Directions
Everything from the line with "美味营养的生日蛋糕做法图解8)" to the end of the material is to be retyped exactly, both ends included, and nothing else.
----
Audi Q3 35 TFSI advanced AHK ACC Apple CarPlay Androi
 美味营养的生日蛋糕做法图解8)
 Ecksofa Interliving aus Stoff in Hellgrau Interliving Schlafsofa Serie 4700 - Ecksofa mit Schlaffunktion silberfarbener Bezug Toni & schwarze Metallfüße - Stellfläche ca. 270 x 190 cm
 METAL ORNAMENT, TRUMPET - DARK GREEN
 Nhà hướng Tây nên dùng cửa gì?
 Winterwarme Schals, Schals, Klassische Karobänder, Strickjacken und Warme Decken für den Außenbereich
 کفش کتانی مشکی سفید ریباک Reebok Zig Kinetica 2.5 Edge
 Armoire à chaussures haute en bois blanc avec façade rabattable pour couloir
----
Output below
 美味营养的生日蛋糕做法图解8)
 Ecksofa Interliving aus Stoff in Hellgrau Interliving Schlafsofa Serie 4700 - Ecksofa mit Schlaffunktion silberfarbener Bezug Toni & schwarze Metallfüße - Stellfläche ca. 270 x 190 cm
 METAL ORNAMENT, TRUMPET - DARK GREEN
 Nhà hướng Tây nên dùng cửa gì?
 Winterwarme Schals, Schals, Klassische Karobänder, Strickjacken und Warme Decken für den Außenbereich
 کفش کتانی مشکی سفید ریباک Reebok Zig Kinetica 2.5 Edge
 Armoire à chaussures haute en bois blanc avec façade rabattable pour couloir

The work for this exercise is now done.